The Best Chocolate Cake in My World.
Dear Reader,
This is my first attempt at a recipe blog. So please bear with me as I try to make it interesting, informative and worth the read. Having never attempted to put pen to paper, metaphorically speaking, before, this could be a complete disaster, but here goes…
As a cook the one thing I am asked for over and over again is chocolate cake. For birthdays, family get-togethers, a local knees-up, any special occasion really, the one request I get often is ‘will you make that gorgeous chocolate cake?’ So in the hope that someone else will be asked to make it next time, let us begin.
A quick note here :READ THE RECIPE THROUGH FROM START TO FINISH FIRST, AND YES, I AM SHOUTING AT YOU…
What you need:
85g/3oz of good unsweetened dark chocolate (50% cocoa content minimum).
230g/8oz butter at room temperature.
500g/18oz brown/Demerera sugar.
3 eggs.
310g/12oz of white spelt flour (you can use regular white flour)
2 teaspoons of baking soda/bread soda.
half a teaspoon of salt.
120ml/4fl oz buttermilk (if you haven’t got any add 2 tspns of vinegar or lemon juice to regular milk and leave for 5 minutes)
240ml/8 fl oz boiling water.
2 teaspoons of vanilla extract (please do not use the fake one, it will make the cake taste shop-bought)
For the icing:
300g/11oz good dark chocolate.
110g/4oz butter.
170g/6oz icing sugar.
100ml/3.5 fl oz milk.
What you do:
Preheat your oven to 180 degrees. Grease and line one 12 inch or two 9 inch tins with parchment or greaseproof paper or a dusting of flour. Set them aside. DO ALL THIS NOW (yes that’s me shouting again or, being more polite so as not to discourage you…raising my voice)

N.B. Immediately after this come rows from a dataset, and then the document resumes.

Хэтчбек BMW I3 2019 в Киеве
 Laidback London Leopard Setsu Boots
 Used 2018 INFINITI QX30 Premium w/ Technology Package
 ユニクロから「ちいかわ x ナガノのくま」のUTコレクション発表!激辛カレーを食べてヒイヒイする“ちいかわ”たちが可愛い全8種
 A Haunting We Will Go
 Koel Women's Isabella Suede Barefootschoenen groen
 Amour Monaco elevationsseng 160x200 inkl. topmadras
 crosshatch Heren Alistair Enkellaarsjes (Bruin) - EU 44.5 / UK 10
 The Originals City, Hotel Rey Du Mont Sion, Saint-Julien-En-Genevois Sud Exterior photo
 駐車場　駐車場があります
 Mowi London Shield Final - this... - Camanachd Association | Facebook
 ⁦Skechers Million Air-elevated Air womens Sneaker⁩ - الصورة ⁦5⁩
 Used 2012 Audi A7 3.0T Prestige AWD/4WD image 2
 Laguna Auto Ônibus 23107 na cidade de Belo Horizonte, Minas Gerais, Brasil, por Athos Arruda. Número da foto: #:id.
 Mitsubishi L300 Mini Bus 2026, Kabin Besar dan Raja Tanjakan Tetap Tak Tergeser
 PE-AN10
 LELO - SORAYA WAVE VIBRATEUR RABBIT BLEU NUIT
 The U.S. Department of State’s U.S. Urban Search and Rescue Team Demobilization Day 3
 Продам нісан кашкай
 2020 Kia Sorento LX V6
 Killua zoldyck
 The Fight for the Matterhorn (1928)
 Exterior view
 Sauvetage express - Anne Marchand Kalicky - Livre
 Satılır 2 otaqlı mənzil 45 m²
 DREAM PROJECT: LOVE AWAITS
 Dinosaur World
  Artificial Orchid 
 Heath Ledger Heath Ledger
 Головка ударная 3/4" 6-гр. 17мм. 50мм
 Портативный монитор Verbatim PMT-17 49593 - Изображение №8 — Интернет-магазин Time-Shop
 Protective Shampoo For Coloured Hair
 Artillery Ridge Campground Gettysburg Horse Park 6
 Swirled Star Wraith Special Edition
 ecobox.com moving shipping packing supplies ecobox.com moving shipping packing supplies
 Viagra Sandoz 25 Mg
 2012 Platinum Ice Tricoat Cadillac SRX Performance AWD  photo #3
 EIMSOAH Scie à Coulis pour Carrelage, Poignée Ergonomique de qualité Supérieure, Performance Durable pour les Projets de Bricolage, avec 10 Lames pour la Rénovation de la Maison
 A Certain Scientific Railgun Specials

Place the chocolate in a heavy saucepan over a very low heat or in a double boiler (i.e. glass/pyrex bowl of chocolate pieces or drops sitting atop a saucepan of simmering water, bowl not touching the water) and melt gently, stirring all the time. Remove from the heat and set aside.
Cream the butter and sugar in the bowl of an electric mixer (however if you have been very diligent, and not like me who has not listened to myself and isnow pulling the butter out of the fridge, and your butter is at warm-room temperature, you can do this by hand) With the mixer on a slow speed add the eggs one at a time, beating well after each addition. If at this point the whole thing looks like curdled mush, fear not. This just means your finished productwon’t be as light and fluffy as Grannie’s. In this instance that’s a bonus. Stir in the melted chocolate.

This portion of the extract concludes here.